The Elephant in the Room

I see that Steve Chapman noticed the same thing I did about Gov. Rauner’s first State of the State address:

Bruce Rauner, the new Republican governor, gave a State of the State address Wednesday that mysteriously failed to address the state’s huge public employee pension debt. It’s like a biography of George Custer that omits Little Bighorn.

The chance of success is about as small as Custer’s. Illinois has a bigger unfunded obligation than any state in the country, exceeding $100 billion and, by some estimates, as high as $250 billion. It has attained that distinction by failures like skipping contributions and assuming the economic good times would never end.

He concludes:

Rauner has talked about moving state workers into defined-contribution 401(k)-style pension programs. But that option does nothing to lighten the vast obligations that have already been incurred. And there is a good chance the state courts would disallow it because it would leave these workers with something less than they were promised when they were hired.

Nearly every state has followed the same basic policy of making promises today and letting someone figure out how to pay for them years from now. Illinois may be on the road to ruin, but it’s just the lead car in a long parade, passing every exit.

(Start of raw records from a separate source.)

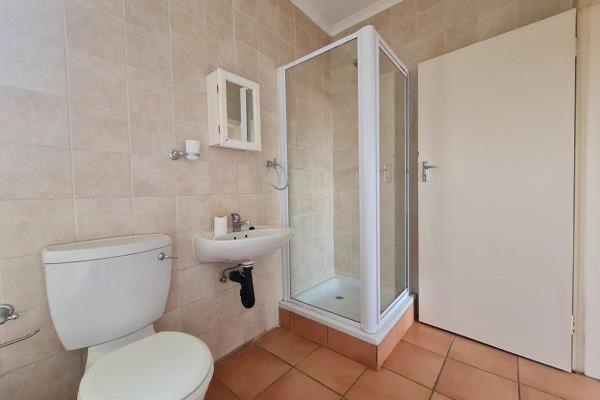 2 Bedroom Property for Sale in North Riding Gauteng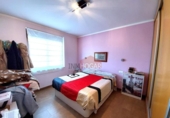 Chalet independiente con terreno en venta en la España, Aldeaseca, ref: TR175860 foto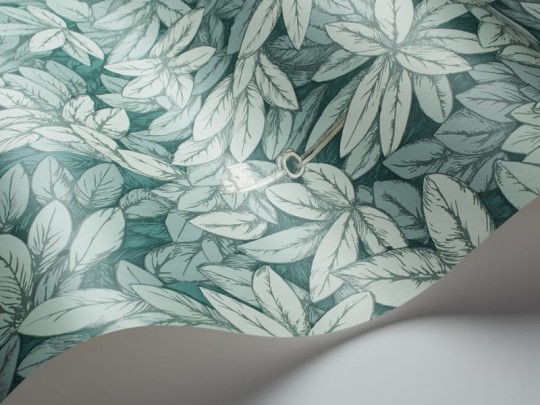 Tapeta Cole & Son - Fornasetti II - Chiavi Segrete 97/4011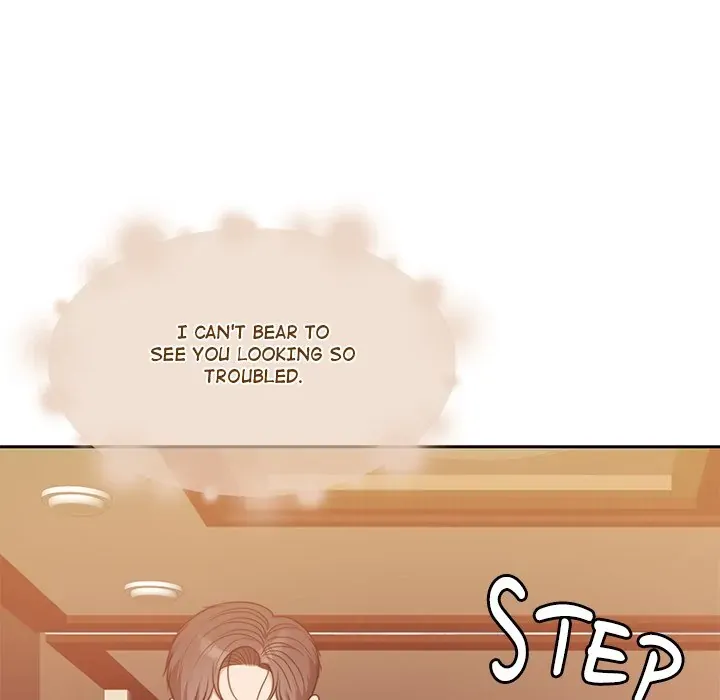 Pregnancy Contract Chapter 6 Online - página 19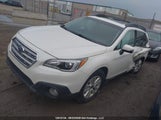 Subaru Outback 2.5I Premium 4S4BSCDC9H3389235 fotografie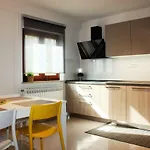 Apartman Magnolia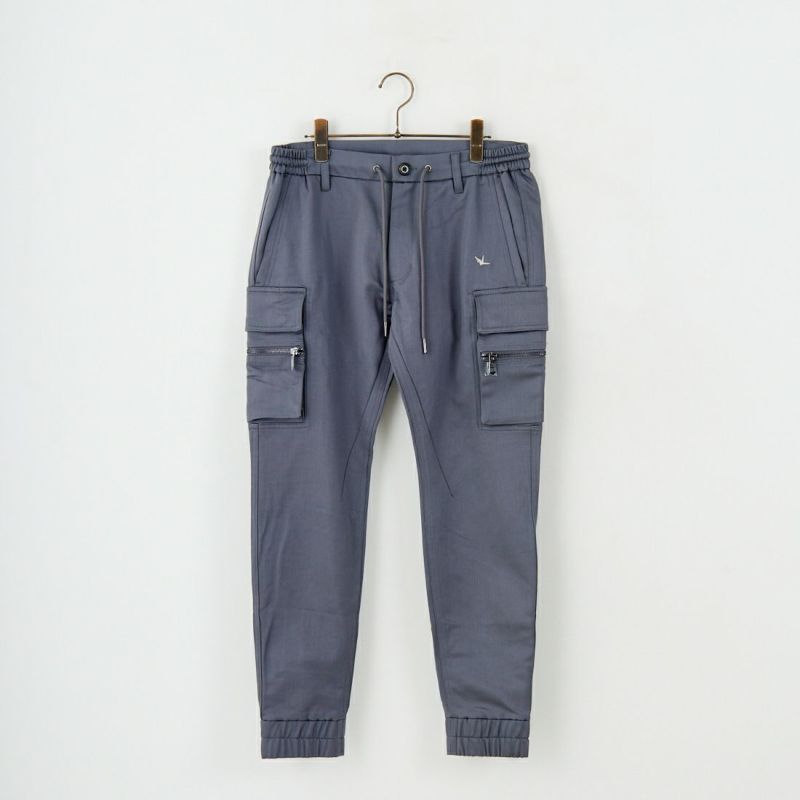 NEW ARRIVALS｜ジーンズファクトリー公式通販サイト - JEANS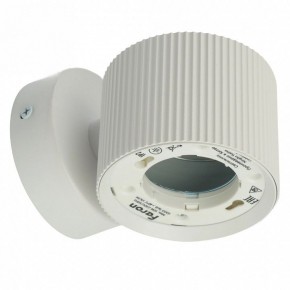 Бра Feron HL4580 51674 в Ревде - revda.ok-mebel.com | фото 9
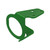 https://johndeere.widen.net/content/owsqxacnes/jpeg/A118764_iso2.jpeg?w=1200&h=1200&position=c&color=ffffffff&quality=100&u=jq3ioy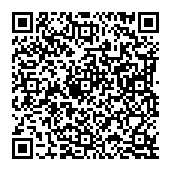 新屋石磊子清華高中農地出售-QR CODE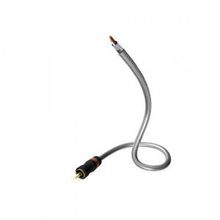 RCA M-RCA M  Eagle Cable 8,00 m 20062080 High Stan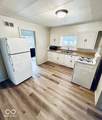 212 High Street - Photo 5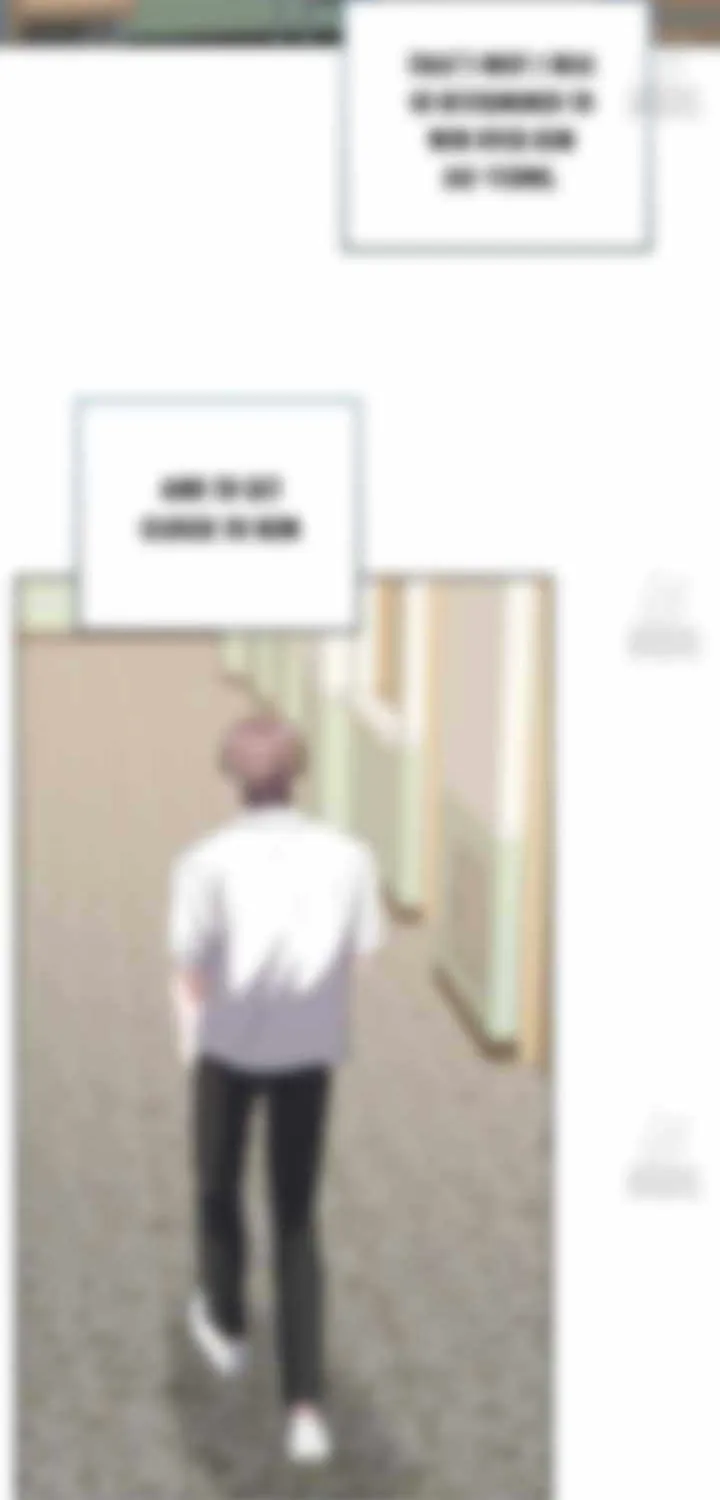 Surviving In The Broken World Chapter 4 page 28 -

As I have been saying for some time the courts are likely to reject any plan from the state legislature that requires paying present public workers less than they were promised other than in a bankruptcy proceedings, something that would be unprecedented at the state level. Illinois has a limited array of alternatives: higher taxes which will be paid by fewer individuals and companies since both are leaving the state at a rapid clip, greater economic growth which it’s hard to see happening with a legislature whose only solution is raising taxes or a nationwide boom that doesn’t appear to be materializing, or cutting everything else the state spends money on as far as is necessary, possibly to zero.

5 comments… add one
  • bob sykes Link

    The Illinois constitution protects the pensions, so the existing pension benefits cannot be changed without a constitutional amendment. Even then, contract law might preserve the benefits for current employees. In the event of state bankruptcy, the retirees and workers go to the head of the line, holders of Illinois debt get nothing.

  • TastyBits Link

    If the stock market tanks, where will that leave the pension fund? Will there be a rush to bonds? If so, will bonds rise? If the stock market tanking is caused by a financial bubble bursting, what will that do to bonds? Will the result make today’s woes seem like good times?

    I do not follow the stock market or the reasons for its ups and downs. I would speculate there would be carnage, but these things do not always play out the way they should. The rest of the world could shift to the US for a safe harbor.

  • Here’s a snapshot of the portfolio of one of the state’s major public pension funds, the Teachers’s Retirement System. As you can see it’s predominantly invested in equities.

    That stands to reason as commenter Guarneri has pointed out any number of times. In order to meet the funds out-sized performance requirements, they’ve got to “climb the risk ladder”, making increasingly risky investments. They could never meet their targets in bonds.

    That’s also one of the reasons that I start to turn purple when I hear legislators talk about investing or disinvesting for political reasons, to support some favored cause or remove support from a disfavored one. My translation of that is “we’ve got to make riskier investments”.

  • bob:

    Judges have sweeping powers in equity in cases of bankruptcy.

  • TastyBits Link

    What I know about the stock market is that it became unhinged from reality in the mid-1990’s. I attribute this to Clinton’s millionaire tax and Fed interest rate policy, but your China connection is also interesting. The other thing I know is that money is supposed to flow from stocks to bonds and back as as the market increases or decreases.

    In the present environment, I think the bond market is even screwier than the stock market, but I do not keep up on it either. I also think that things are so screwed up globally that the US becomes attractive even though the fundamentals would say otherwise.

    This is one of those things that may not play out the way they are predicted, and this is why trying to make money on these events is risky. When the upside is astronomical for you, the downside is astronomical for somebody else, and that somebody probably has more stroke than you.

    I just wonder how many of these guys who get paid a lot more money than I do realize that things that can never happen actually do happen quite frequently. (I do not mean the private guys, but they can be idiots also.)